Brian Mills, CIA agent, daughter, Istanbul, Liam Neeson, Luc Besson, Taken, Turkey
Taken 2 was bound to suffer in the shadow of Taken as so many cinematic abortions had heeded the success of the 2010 action odyssey, with an unashamed resemblance. These films will be omitted from this discussion in the interests of good taste. For some reason (MONEY!) Luc Besson felt it necessary to produce an authentic (it has the word “taken” in the title) second chapter in the drama of ex-CIA agent Bryan Mills’ hectic existence. Liam Neeson is joined by all relevant members of Taken’s cast in the sequel, though, as demonstrated by the first film, no one is relevant or competent at anything except ex-CIA agent Bryan Mills.
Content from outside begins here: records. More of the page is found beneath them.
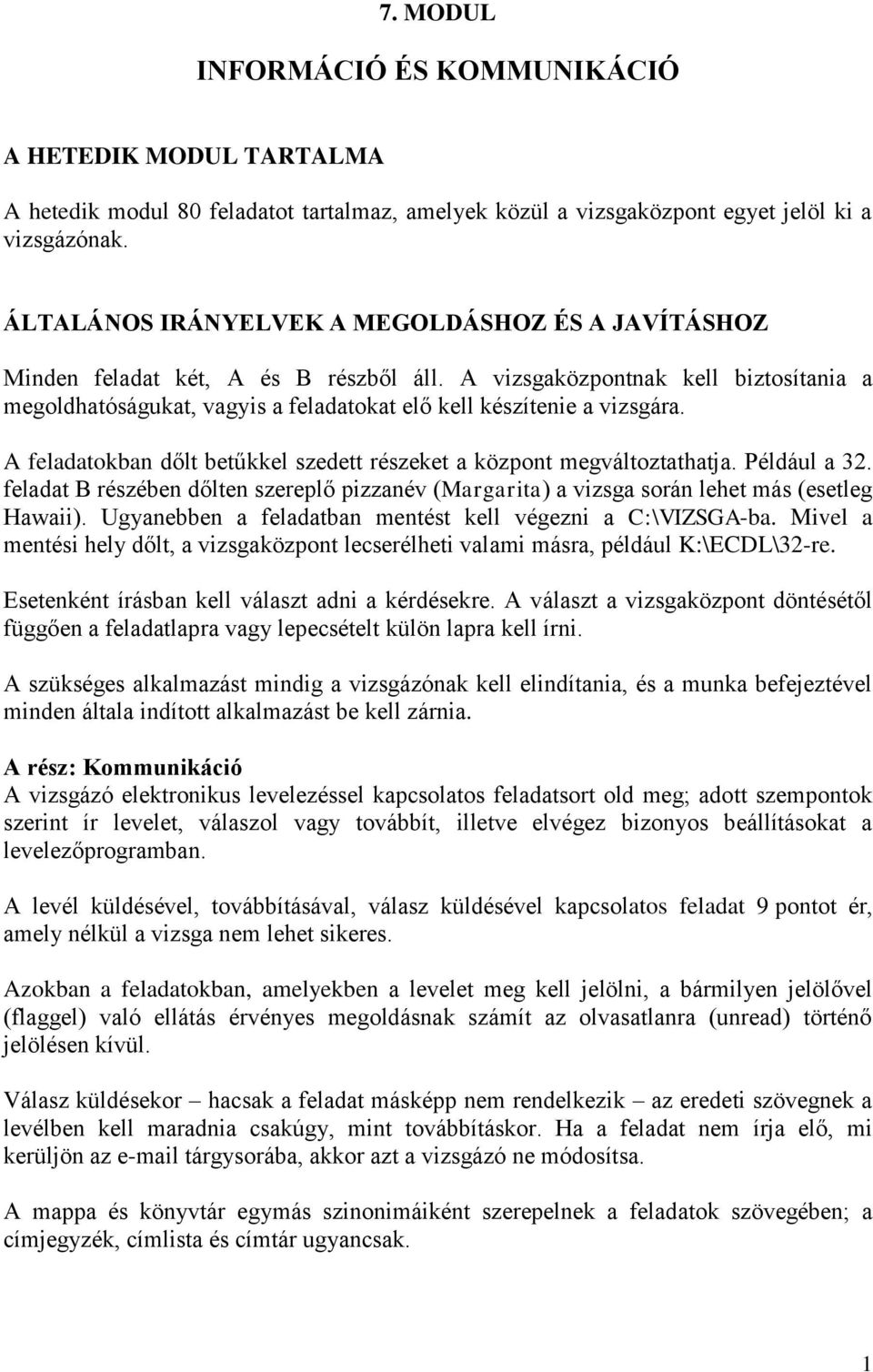 feladatokban dőlt betűkkel szedett részeket a központ megváltoztathatja. Például a 32. feladat részében dőlten szereplő pizzanév (Margarita) a vizsga során lehet más (esetleg Hawaii).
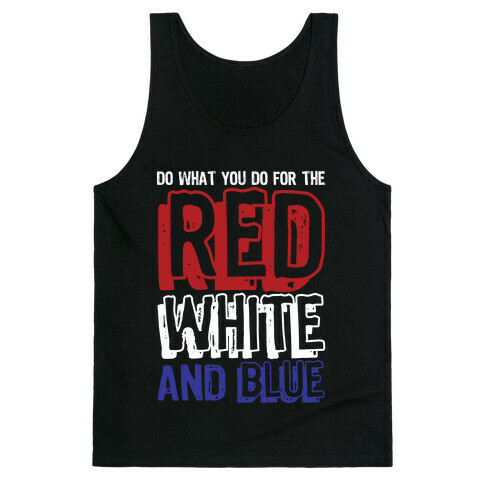 Do What You Do For The Red, White, & Blue Tank Top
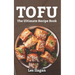 Tofu: The Ultimate Recipe Book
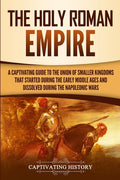 The Holy Roman Empire: A Captivating Guide to the Union of Smaller Kingdoms That Started During the Early Middle Ages and Dissolved During the Napoleonic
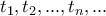 t_{1},t_{2},...,t_{n},...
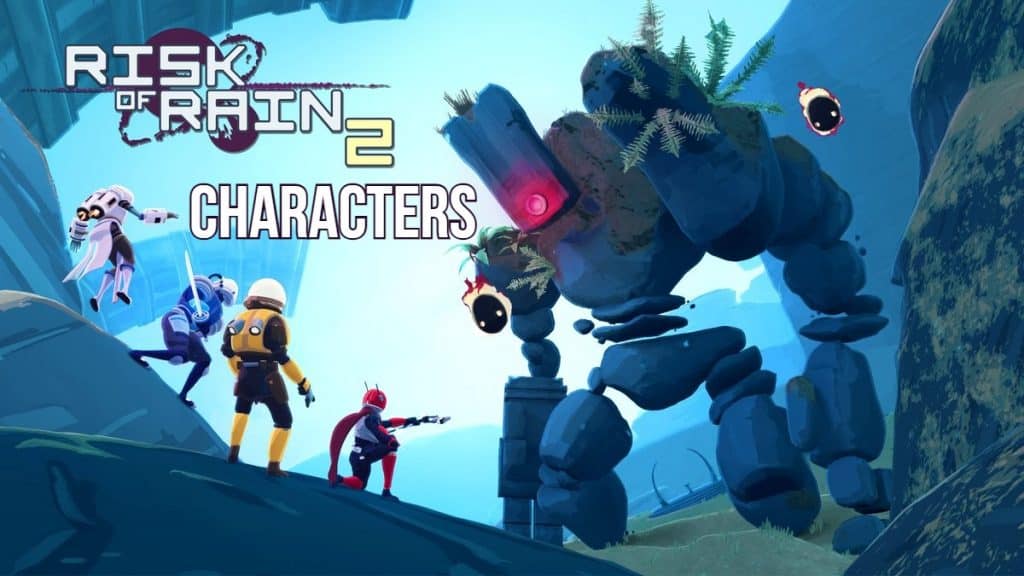Risk of Rain 2 Characters
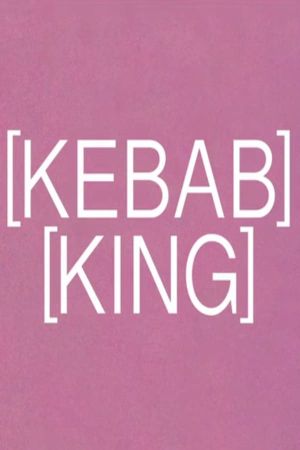Kebab King's poster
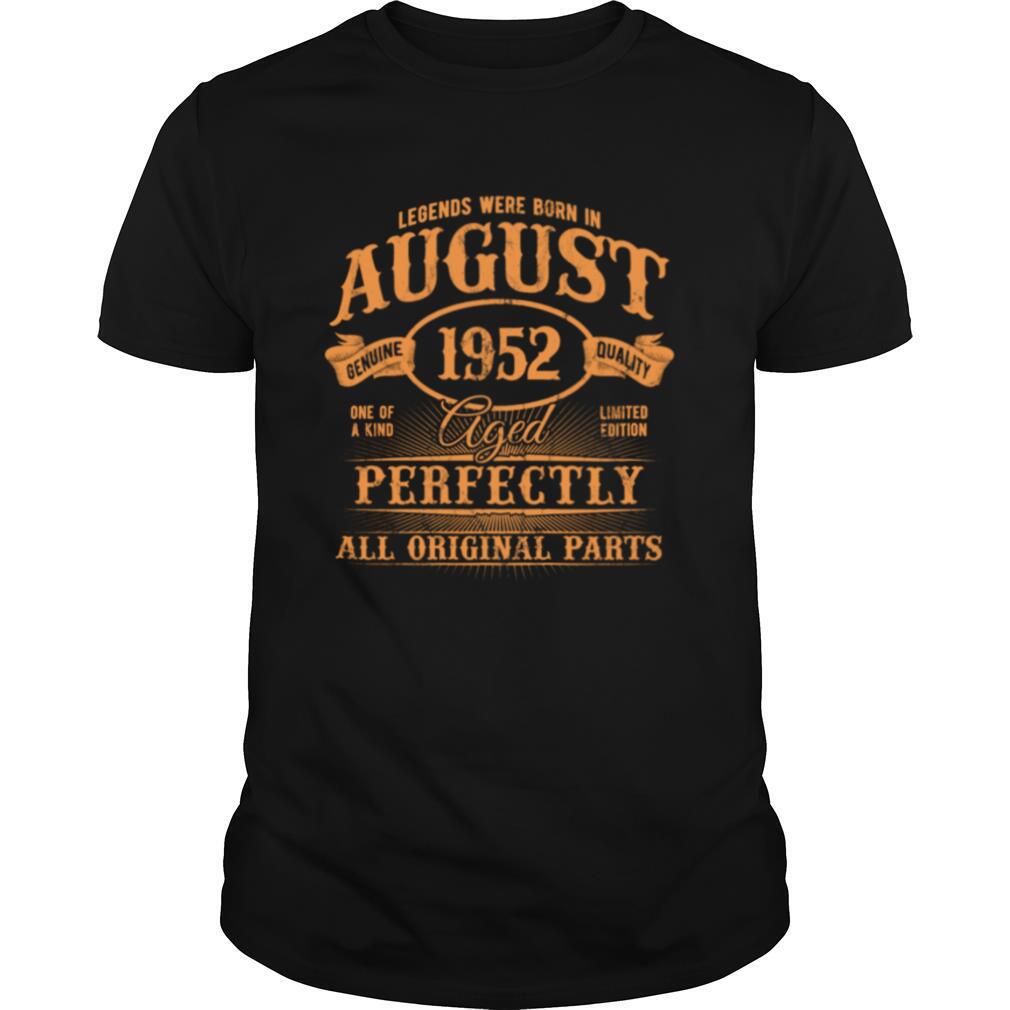 Legends Were Born In August 1952 Vintage 69th Birthday shirt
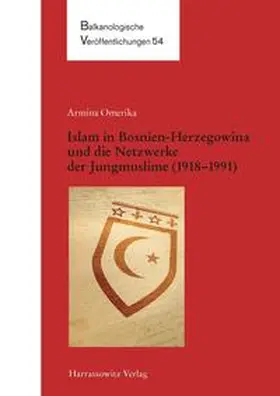 Omerika |  Islam in Bosnien-Herzegowina und die Netzwerke der Jungmuslime (1918–1983) | Buch |  Sack Fachmedien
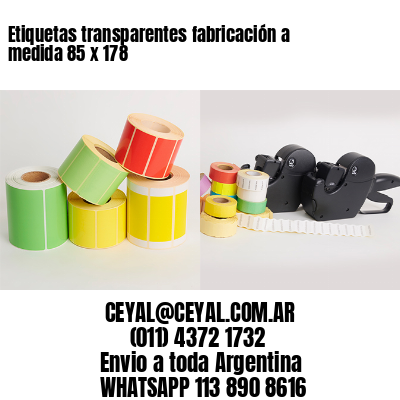 Etiquetas transparentes fabricación a medida 85 x 178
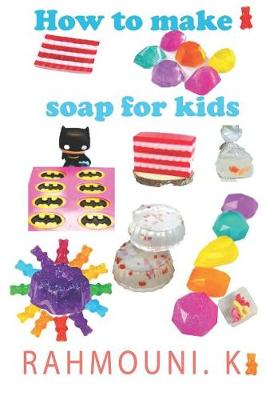 Book cover for How To Make Soap For Kids
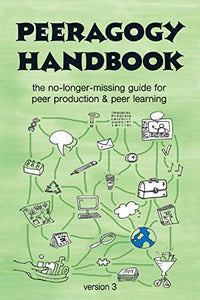 The Peeragogy Handbook, v. 3 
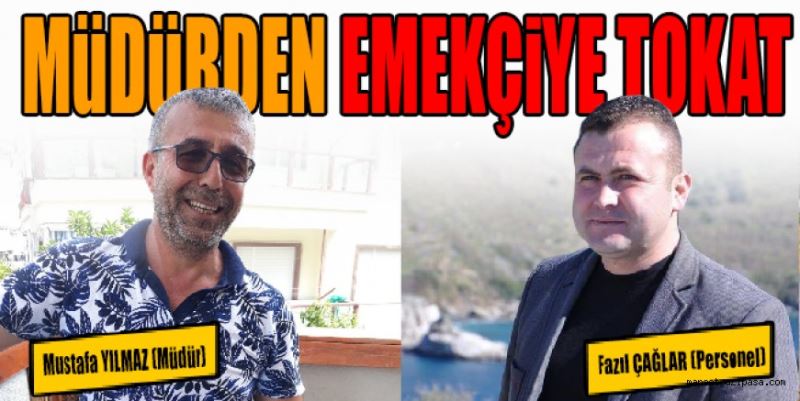 BELEDİYE EMEKÇİSİNE MÜDÜR TOKADI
This time around Mills is taken, along with his ex-wife, in the interests of revenge – a far fetched and back-story emerges from his daughter’s rescue, it appears the film had no way of escaping itself – this pathetic premise is nothing short of a “long-lost twin” or “down under” follow up. American family visit Istanbul, are kidnapped by Albanians (who are sex-traffickers) that are protected by corrupt Turkish police and, naturally, the only Americans in what is a hugely popular tourist destination – cuts through culture like a missile.
The film’s liability is not the awful fight choreography that looks like its shot by a malfunctioning cartoon robot, and it’s not the tedious book-end sequences about getting a driver’s license, and it isn’t even Mills’ ridiculous capacity to calculate distance by listening to grenades. The xenophobic subtext of the first film is amplified to the point that it isn’t subtext at all. Mills’ apprehensions about his daughter’s boyfriend are confirmed when he finds an exotic-looking guy living in what appears to be total darkness (you can bet that the third film will see the newly weds in his home village of – some North African country? – kidnapped and tortured by the fascist flavour of the month).
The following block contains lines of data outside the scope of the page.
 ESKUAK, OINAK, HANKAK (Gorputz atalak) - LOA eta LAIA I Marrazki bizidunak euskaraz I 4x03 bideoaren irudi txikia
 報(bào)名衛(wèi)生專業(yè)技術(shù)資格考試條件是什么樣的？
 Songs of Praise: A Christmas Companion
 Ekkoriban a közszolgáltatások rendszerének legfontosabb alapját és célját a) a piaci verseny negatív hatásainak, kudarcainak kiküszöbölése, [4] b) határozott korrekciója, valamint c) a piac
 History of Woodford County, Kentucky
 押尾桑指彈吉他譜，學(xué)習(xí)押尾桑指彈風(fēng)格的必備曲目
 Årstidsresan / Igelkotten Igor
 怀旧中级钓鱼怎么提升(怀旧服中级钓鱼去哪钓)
The portrait of Istanbul (its important to recognise that Istanbul is no way associated with Turkey) is of a sun-soaked ancient metropolis with decadent palaces – but we only receive this view from a hotel balcony high above. On the street it’s a bustle of narrow lanes, smoke, dead ends and Islamic women – so let’s get on the roof and throw some grenades.
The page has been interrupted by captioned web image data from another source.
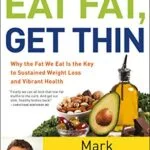 خرید و دانلود نسخه کامل کتاب زبان اصلی Eat Fat, Get Thin: Why the Fat We Eat Is the Key to Sustained Weight Loss and Vibrant Health Kindle Edition | دانلود کتاب خارجی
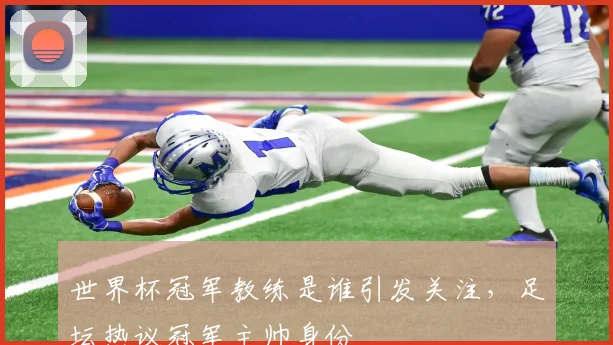 世界杯冠军教练是谁引发关注，足坛热议冠军主帅身份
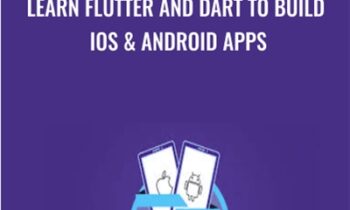Learn Flutter and Dart to Build iOS & Android Apps - Maximilian Schwarzmüller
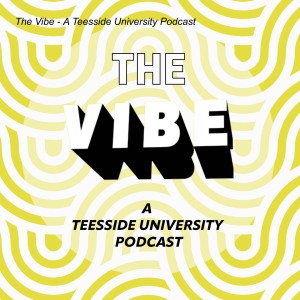 The Vibe - A Teesside University Podcast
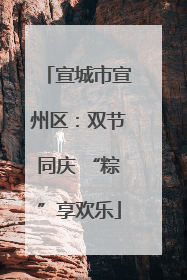宣城市宣州区：双节同庆 “粽”享欢乐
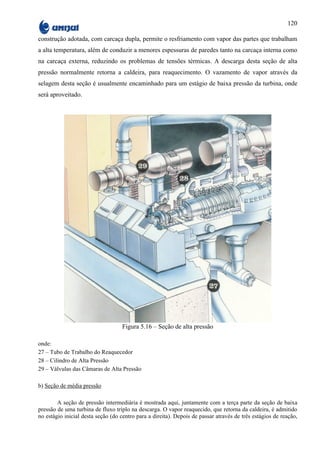 120

construção adotada, com carcaça dupla, permite o resfriamento com vapor das partes que trabalham
a alta temperatura, além de conduzir a menores espessuras de paredes tanto na carcaça interna como
na carcaça externa, reduzindo os problemas de tensões térmicas. A descarga desta seção de alta
pressão normalmente retorna a caldeira, para reaquecimento. O vazamento de vapor através da
selagem desta seção é usualmente encaminhado para um estágio de baixa pressão da turbina, onde
será aproveitado.




                                    Figura 5.16 – Seção de alta pressão

onde:
27 – Tubo de Trabalho do Reaquecedor
28 – Cilindro de Alta Pressão
29 – Válvulas das Câmaras de Alta Pressão

b) Seção de média pressão

        A seção de pressão intermediária é mostrada aqui, juntamente com a terça parte da seção de baixa
pressão de uma turbina de fluxo triplo na descarga. O vapor reaquecido, que retorna da caldeira, é admitido
no estágio inicial desta seção (do centro para a direita). Depois de passar através de três estágios de reação,
 
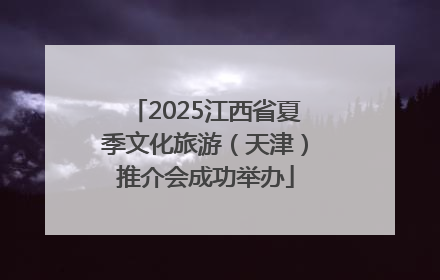 2025江西省夏季文化旅游（天津）推介会成功举办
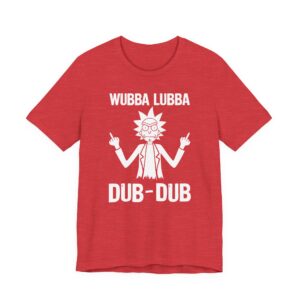 Wubba Lubba Dub-Dub | Funny Rick and Morty T-shirt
The importance of family (as proud men see it) seems a hollow ethos considering how excruciating the peaceful scenes in the United States are and how incapable Mills is of sympathising with the idea of family in any other cultures. If you loved Taken, you should be alienated and upset by this film, particularly its ending, which is very confusing and I should mention that the action sequences have none of the cowboy antics of the first. Even racist movie-goers will be bored.